ROCK SPRINGS – Wyoming interstates, the West Virginia governor’s coal request and the latest on health care are a few items U.S. Sen. John Barrasso, R-Wyo., discussed on his trip to Sweetwater County on Friday.

The senator stopped in Rock Springs before heading to the River Festival in Green River.

Barrasso said there is a sense of urgency to work on a new health-care bill. In late July, the U.S. Senate defeated a measure that would have repealed much of the Affordable Health Care Act by a 51-49 vote.

“It’s not affordable,” he said. “We need much better than what we have.”

He said the goal is to begin debating the issue as soon as Congress gets back into session Sept. 5.

States need to be the ones finding solutions for health-care issues, he said.

Calling out evil

Barrasso said he opposes the actions of white supremacists at an Aug. 12 protest in Charlottesville, Virginia, which resulted in a violent clash with counter-protestors and the death of 32-year-old Heather Heyer.

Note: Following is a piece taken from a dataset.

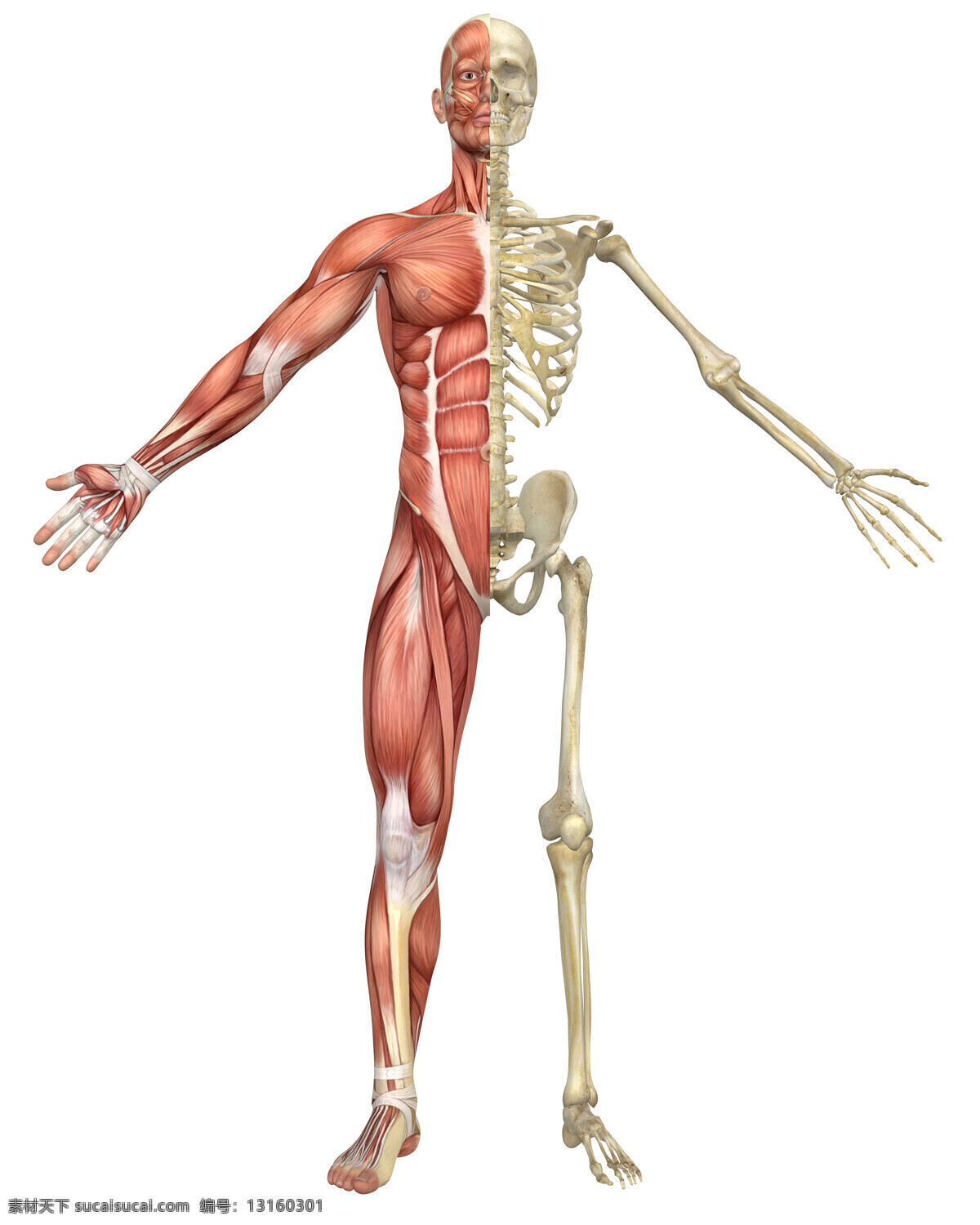 人体 肌肉 骨骼 男性 人体骨骼 人体肌肉 肌肉组织 人体肌肉器官 肌肉结构 人体解剖 医疗护理 现代科技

“It’s not who we are as a country,” he said. “You have to call it like it is, and it is evil.”

Fair and equitable

Barrasso said he opposes West Virginia Gov. Jim Justice’s proposal for the federal government to provide a $4.5 billion annual subsidy to burn coal from eastern producers. The plan would also provide a $15-per-ton subsidy to utilities that purchase eastern coal over those produced in western states like Wyoming.

The senator said coal needs to be “used in a way that’s fair and equitable.”

“We support the use of coal, we think coal should be strong, but you can’t favor one part of the country over the other,” he said. “And what Gov. Justice is proposing is not justice.”

Protecting interstates

Putting together an infrastructure plan is also on the senator’s radar.

Barrasso, a member of the Senate Environment and Public Works Committee, is gathering input to create an infrastructure plan.

The proposed legislation would create a new financing authority to help states and communities better collaborate with the private sector on rebuilding infrastructure projects, according to The Hill.

“The federal government has a significant responsibility for the interstates here,” he told the Rocket-Miner.

He added while he supports a private/public funding partnership in largely populated areas, he does not think it would work in places like Wyoming.

The volume of local traffic is not going to pay for it, he said.

“Infrastructure projects have to be done that fit the area,” he said.

“What works in New York doesn’t necessarily work in Sweetwater County.”

Whatever money Wyoming receives needs to go toward improving its highways, he said.